ABSTRACT

The relationship between humanism and antihumanism should not be seen as one of pure negation or hostility. Not only do most antihumanisms, as Kate Soper puts it, ‘secrete a humanist rhetoric’ (Soper 1986: 182) that betrays their hidden affinity with what they deny; they generally serve openly humanist ends of intellectual clarity and emancipation, articulated around a recognisable ethic of human capacity and need. Nietzsche, the doyen of philosophical antihumanists, was as surely a product of German humanism as his friend Burckhardt; and though his membership of the academic establishment, which he joined in 1869 as a twenty-four-year-old Professor of Classical Philology at the University of Basle, was effectively terminated by the publication

three years later of the provocatively unprofessorial Birth of Tragedy, his struggle, in the sixteen years that remained before madness closed around him, to formulate a fundamental ‘revaluation of all values’ recurs constantly to humanist themes and figures.
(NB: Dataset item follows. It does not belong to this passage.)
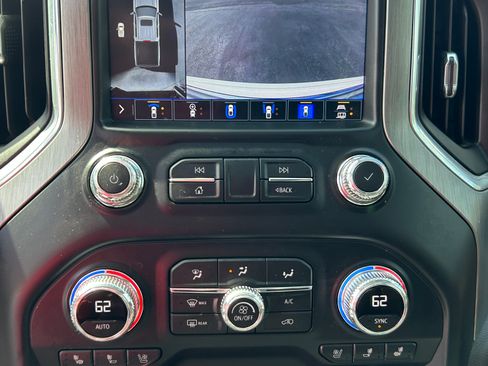 Used 2020 GMC Sierra 1500 Denali w/ Denali Premium Package AWD/4WD image 9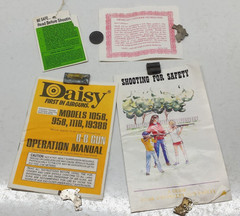 Vintage Daisy Red Ryder BB Gun «Box & Paperwork Only» Circa 1988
Like Burckhardt, he reads the history of modernity as ‘the development of the individual’, and especially of those exceptional ‘complete men’ who, confronted with the ‘death of God’, the absence of any transcendental guarantee of meaning or value, rise above despair to recreate themselves as the bearers of a radical freedom. This heroic transcendence, through the exercise of a ‘will to power’ that drives every individual to the fullest possible self-realisation, is what Nietzsche calls the Übermensch or ‘superman’.